Ah Yomawari, mais um jogo com uma premissa de expor uma menina nova e indefesa ao horror de fantasmas e yokais, totalmente sozinha.

Yomawari significa “Período Noturno” que se escreve 夜回り, porém o título do jogo é escrito com kanjis diferentes que produzem um som parecido mas tem uma ideia visual diferente. Esse tipo de brincadeira com palavras, sons e ideias é bem comum da cultura japonesa, onde parte do sistema de escrita é uma representação visual de ideias, diferente do nosso que é sonoro.

Fonte: Nippon Ichi Software

No jogo somos uma menina que ao passear com o seu cachorro é quase atropelada. Após quase morrer percebe que seu cachorro sumiu. Mais tarde em casa, conta o ocorrido para a irmã que vai procurar o cachorro. Muitas horas se passaram e ela não voltou. Vamos procurá-la e o jogo começa.

A cidade é a típica representação de uma cidade de médio porte japonesa. Todo o ambiente, lojas, konbini (loja de conveniência). Segundo pessoas japoneses sem as lojas de conveniência conhecidas como konbini, o Japão explode. Tudo muito bem representado. É assustadoramente normal, pacato e deserto. Até que do absoluto nada, yokais estão andando na rua (sem máscara).

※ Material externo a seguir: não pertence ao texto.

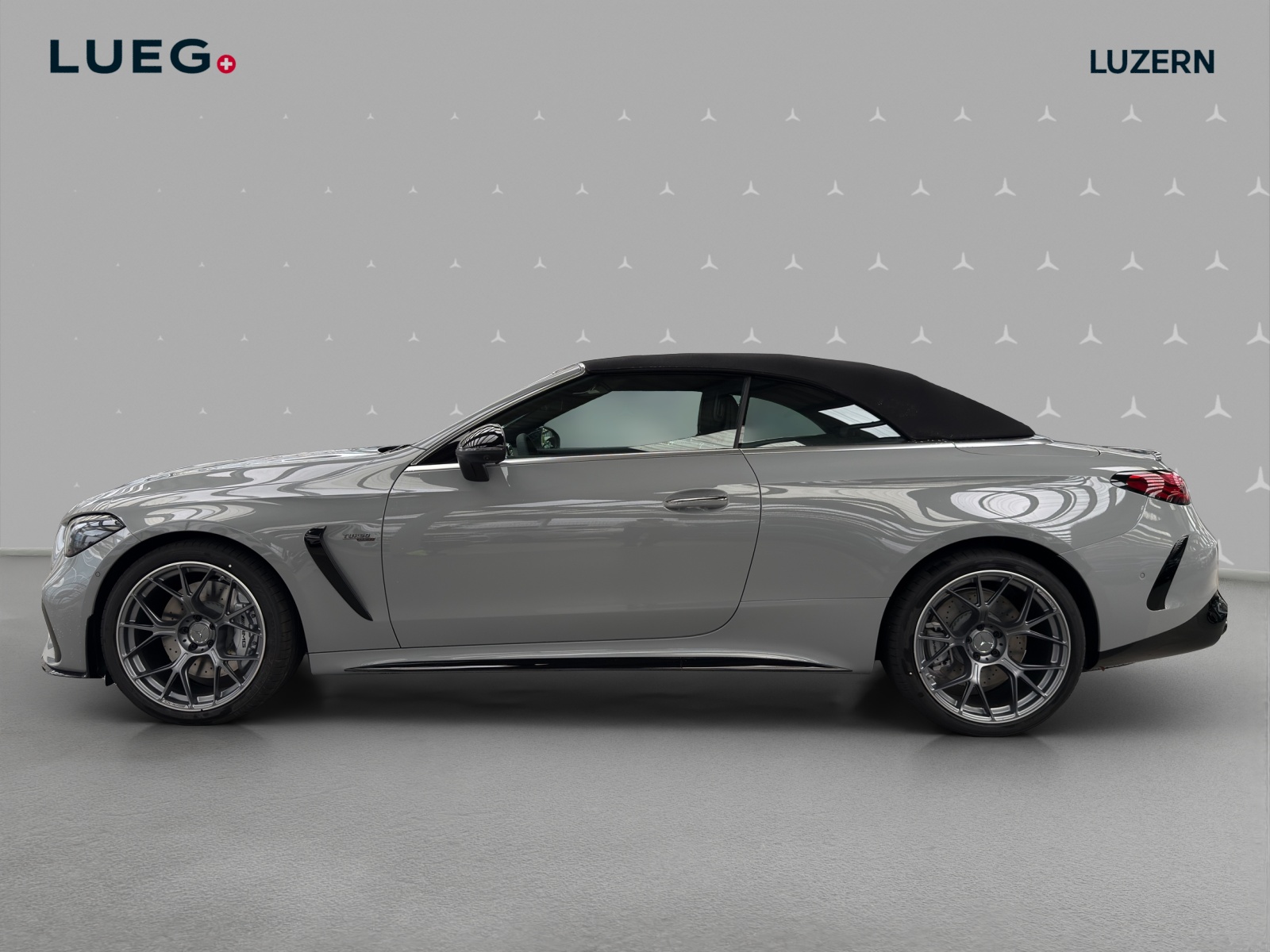 MERCEDES-BENZ CLE AMG 53 Cabrio 4Matic+ 9G-Tronic-image-1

Fonte: Nippon Ichi Software

Normalmente Yokai é definido como demônio no ocidente, mas essa é uma tradução equivocada. Yokais tem sua origem no xintoísmo e representam tudo que o ser humano não consegue explicar, espíritos, chimeras, guarda-chuvas com olhos e etc. 

Embora yokais sejam literalmente todas as coisas “estranhas” é importante notar que independente de fantasmas poderem ser chamados de yokais, não é muito comum, pois fantasmas são seres que já foram pessoas e por isso podem ser explicados, para esses seres dar-se o nome de Yurei.

O jogo não existe explicação para o que está acontecendo, apenas reagimos aos yokais como qualquer pessoa reagiria. O que torna o absorvimento da cultura mais emocionante, pois yokais não necessariamente tem forma definida. Embora existam alguns famosos e com nome, um Yokai pode ser inventado na hora, e isso dá um jogo uma vibe sinistra de lenda urbana em que nada é entendido e nada tem resposta.

Fonte: Nippon Ichi Software

Com grandes influências da religião Xinto e budista o jogo também nos mostra vários templos. Diferente da cultura ocidental que define as coisas como bem e mal, certo e errado por nossa origem cristã. A cultura xintoísta e budista japonesa define as coisas como puro e impuro e isso dá espaço  (representado no jogo) de atingir um nível muito mais cinza de atos, sentido, razões e explicações.

Por isso o jogo consegue passar sua mensagem apenas com ações e representação visual, onde o sentimento de perda e inquietação se perpetuam. O criador define o jogo como o aprendizado de uma criança sobre a mortalidade. Todavia, cada um terá sua própria definição sobre o que se trata Yomawari, afinal o jogo te da liberdade de tirar conclusões do seu fim.